Here are 6 tips that give you their top recommendations to decrease cortisol levels and thus catabolic metabolism while you increase anabolic metabolism and experience optimal health.


     1. Eliminate caffeine from your diet. It’s the quickest way to reduce cortisol production and elevate the production of DHEA, the leading anabolic youth hormone. 200 mg of caffeine (one 12 oz mug of coffee) increases blood cortisol levels by 30% in one hour! Cortisol can remain elevated for up to 18 hours in the blood. This is the easiest step to decrease your catabolic metabolism and increase your anabolic metabolism.

     2. Sleep deeper and longer. The average 50 year old has nighttime cortisol levels more than 30 times higher than the average 30 year old. Try taking melatonin, a natural hormone produced at night that helps regulate sleep/wake cycles, before going to sleep to boost your own melatonin production that also decreases with age. You may not need it every night, but if you are waking up in the middle of the night or too early in the morning, melatonin can help you sleep deeper and lengthen your sleep cycle. If you get sleepy during the day even though you had plenty of rest, back off the melatonin for a while. It’s a sign you are getting too much.

     3. Exercise regularly to build muscle mass and increase brain output of serotonin and dopamine, brain chemicals that reduce anxiety and depression. Cherniske recommends taking DHEA supplements to shorten the adaptation period when out-of-shape muscles and cardiovascular system discourage people from continuing to exercise before they get in shape. DHEA also accelerates the building of muscle mass and increases the feeling of being strong and energetic.

     4. Keep your blood sugar stable. Avoid sugar in the diet and refined carbohydrates to keep from spiking your insulin production. Eat frequent small meals balanced in protein, complex carbohydrates and good fats like olive oil and flax seed oil. Diets rich in complex carbohydrates keep cortisol levels lower than low carbohydrate diets.

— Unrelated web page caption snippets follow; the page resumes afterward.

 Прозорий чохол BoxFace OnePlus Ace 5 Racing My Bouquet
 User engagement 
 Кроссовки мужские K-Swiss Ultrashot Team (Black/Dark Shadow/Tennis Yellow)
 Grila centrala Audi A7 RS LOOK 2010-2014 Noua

Keep well hydrated – dehydration puts the body in stress and raises cortisol levels. Keep pure water by your bed and drink it when you first wake up and before you go to sleep.

     5. Take anti-stress supplements like B vitamins, minerals like calcium, magnesium, chromium and zinc, and antioxidants like vitamin C, alpha lipoic acid, grapeseed extract, and Co Q 10. Adaptogen herbs like ginseng, astragalus, eleuthero, schizandra, Tulsi (holy basil) rhodiola and ashwagandha help the body cope with the side effects of stress and rebalance the metabolism. These supplement and herbs will not only lower cortisol levels but they will also help you decrease the effects of stress on the body by boosting the immune system.

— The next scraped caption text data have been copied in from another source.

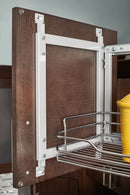 REV A SHELF : Sliding Wall Cabinet Organizer for Above Refrigerator/Wall Oven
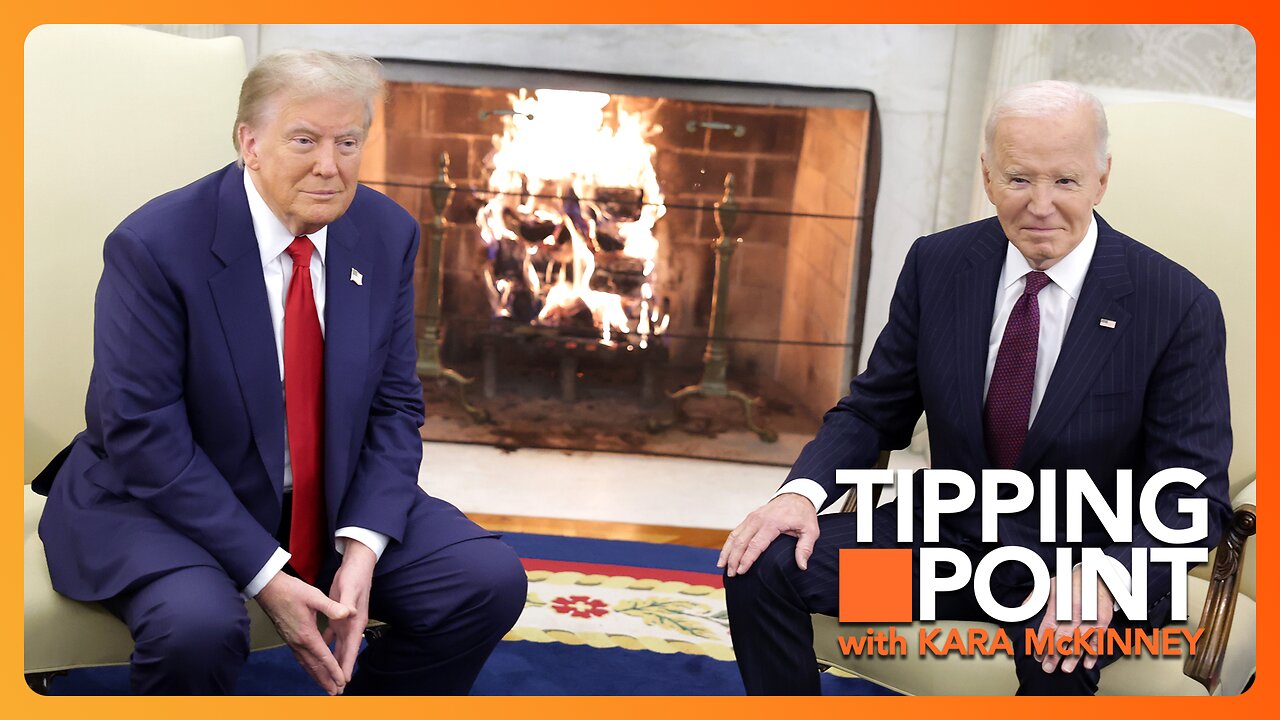 Mr. Trump Goes to Washington | TODAY on TIPPING POINT 🟧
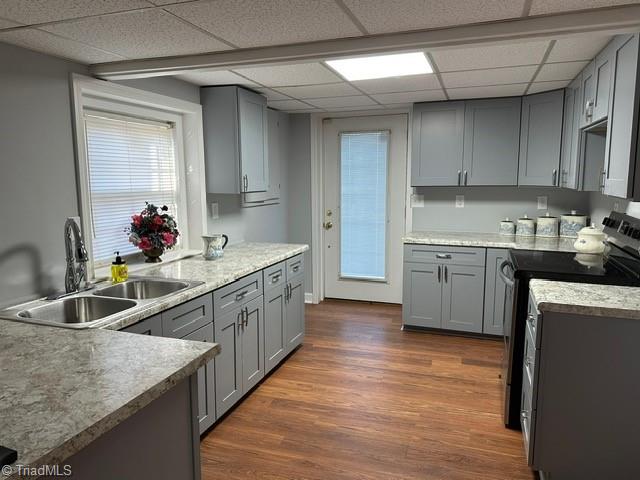 154 East Manor Ridge Road Elkin, NC 28621 - Photo 25 of 34 Basement Kitchen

     6. Meditate or listen to relaxation tapes that promote the production of alpha (focused alertness) and theta (relaxed) brain waves. Avoid jolting alarm clocks that take you from delta waves (deep sleep) to beta waves (agitated and anxious) and stimulants like caffeine that promote beta waves while suppressing alpha and theta waves.

For a deeper exploration of the role of cortisol and the consequences of long-term elevation of stress hormones in the body, read The Cortisol Connection by Shawn Talbott, Ph.D. and The Metabolic Plan by Stephen Cherniske, M.S.